■ Directions for this task:
Copy exactly the lines of the records below, and only those lines, beginning with the line that contains "Stephen Curry Instagram" and ending with the line that contains "845 Sonata Ln N, Keizer, OR 97303 - Photo 15".

■ Stored items:
══════════════════════════════

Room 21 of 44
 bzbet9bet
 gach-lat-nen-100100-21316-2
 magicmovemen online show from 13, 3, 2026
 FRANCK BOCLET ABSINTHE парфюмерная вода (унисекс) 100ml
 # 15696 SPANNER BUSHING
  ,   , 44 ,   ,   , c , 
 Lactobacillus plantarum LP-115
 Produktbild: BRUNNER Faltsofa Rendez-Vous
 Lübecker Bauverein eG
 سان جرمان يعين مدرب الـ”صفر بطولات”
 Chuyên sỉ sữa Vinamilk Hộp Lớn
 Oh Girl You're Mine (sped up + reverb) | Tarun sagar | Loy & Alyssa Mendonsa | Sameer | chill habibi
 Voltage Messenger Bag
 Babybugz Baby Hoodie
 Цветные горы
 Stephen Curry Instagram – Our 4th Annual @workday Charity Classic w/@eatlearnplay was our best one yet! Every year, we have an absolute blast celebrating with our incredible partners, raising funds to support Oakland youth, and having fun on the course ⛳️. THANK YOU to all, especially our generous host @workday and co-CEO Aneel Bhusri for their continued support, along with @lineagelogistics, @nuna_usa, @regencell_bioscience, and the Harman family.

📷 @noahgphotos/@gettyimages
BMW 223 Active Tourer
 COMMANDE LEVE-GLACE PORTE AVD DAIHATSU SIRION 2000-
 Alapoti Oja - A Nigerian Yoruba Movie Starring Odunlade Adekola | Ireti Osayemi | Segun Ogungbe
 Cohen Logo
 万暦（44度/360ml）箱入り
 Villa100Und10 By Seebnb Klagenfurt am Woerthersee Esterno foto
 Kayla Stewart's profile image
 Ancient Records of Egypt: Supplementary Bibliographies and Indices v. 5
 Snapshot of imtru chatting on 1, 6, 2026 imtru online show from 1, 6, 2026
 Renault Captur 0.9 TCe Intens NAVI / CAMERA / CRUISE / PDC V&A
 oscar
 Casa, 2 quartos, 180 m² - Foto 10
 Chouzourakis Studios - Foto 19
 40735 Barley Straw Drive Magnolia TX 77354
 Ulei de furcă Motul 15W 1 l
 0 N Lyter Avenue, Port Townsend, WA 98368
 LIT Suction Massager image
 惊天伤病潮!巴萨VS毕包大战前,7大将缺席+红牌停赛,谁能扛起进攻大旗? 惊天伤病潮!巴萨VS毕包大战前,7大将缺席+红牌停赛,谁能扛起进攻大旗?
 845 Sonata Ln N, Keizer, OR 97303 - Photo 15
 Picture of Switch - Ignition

══════════════════════════════

■ Response below:
 Stephen Curry Instagram – Our 4th Annual @workday Charity Classic w/@eatlearnplay was our best one yet! Every year, we have an absolute blast celebrating with our incredible partners, raising funds to support Oakland youth, and having fun on the course ⛳️. THANK YOU to all, especially our generous host @workday and co-CEO Aneel Bhusri for their continued support, along with @lineagelogistics, @nuna_usa, @regencell_bioscience, and the Harman family.

📷 @noahgphotos/@gettyimages
BMW 223 Active Tourer
 COMMANDE LEVE-GLACE PORTE AVD DAIHATSU SIRION 2000-
 Alapoti Oja - A Nigerian Yoruba Movie Starring Odunlade Adekola | Ireti Osayemi | Segun Ogungbe
 Cohen Logo
 万暦（44度/360ml）箱入り
 Villa100Und10 By Seebnb Klagenfurt am Woerthersee Esterno foto
 Kayla Stewart's profile image
 Ancient Records of Egypt: Supplementary Bibliographies and Indices v. 5
 Snapshot of imtru chatting on 1, 6, 2026 imtru online show from 1, 6, 2026
 Renault Captur 0.9 TCe Intens NAVI / CAMERA / CRUISE / PDC V&A
 oscar
 Casa, 2 quartos, 180 m² - Foto 10
 Chouzourakis Studios - Foto 19
 40735 Barley Straw Drive Magnolia TX 77354
 Ulei de furcă Motul 15W 1 l
 0 N Lyter Avenue, Port Townsend, WA 98368
 LIT Suction Massager image
 惊天伤病潮!巴萨VS毕包大战前,7大将缺席+红牌停赛,谁能扛起进攻大旗? 惊天伤病潮!巴萨VS毕包大战前,7大将缺席+红牌停赛,谁能扛起进攻大旗?
 845 Sonata Ln N, Keizer, OR 97303 - Photo 15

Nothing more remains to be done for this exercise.